[Start of section]
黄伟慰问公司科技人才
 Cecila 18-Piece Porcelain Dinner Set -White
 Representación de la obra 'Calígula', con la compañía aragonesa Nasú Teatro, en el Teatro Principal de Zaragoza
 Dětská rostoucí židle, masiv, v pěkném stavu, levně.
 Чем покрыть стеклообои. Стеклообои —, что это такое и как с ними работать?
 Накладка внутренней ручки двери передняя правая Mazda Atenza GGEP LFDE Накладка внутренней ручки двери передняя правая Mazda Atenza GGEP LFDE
[End of section]
▸ ASSIGNED TASK
Extract, word for word, each line of the listing above.

▸ OUTPUT OF THE TASK
黄伟慰问公司科技人才
 Cecila 18-Piece Porcelain Dinner Set -White
 Representación de la obra 'Calígula', con la compañía aragonesa Nasú Teatro, en el Teatro Principal de Zaragoza
 Dětská rostoucí židle, masiv, v pěkném stavu, levně.
 Чем покрыть стеклообои. Стеклообои —, что это такое и как с ними работать?
 Накладка внутренней ручки двери передняя правая Mazda Atenza GGEP LFDE Накладка внутренней ручки двери передняя правая Mazda Atenza GGEP LFDE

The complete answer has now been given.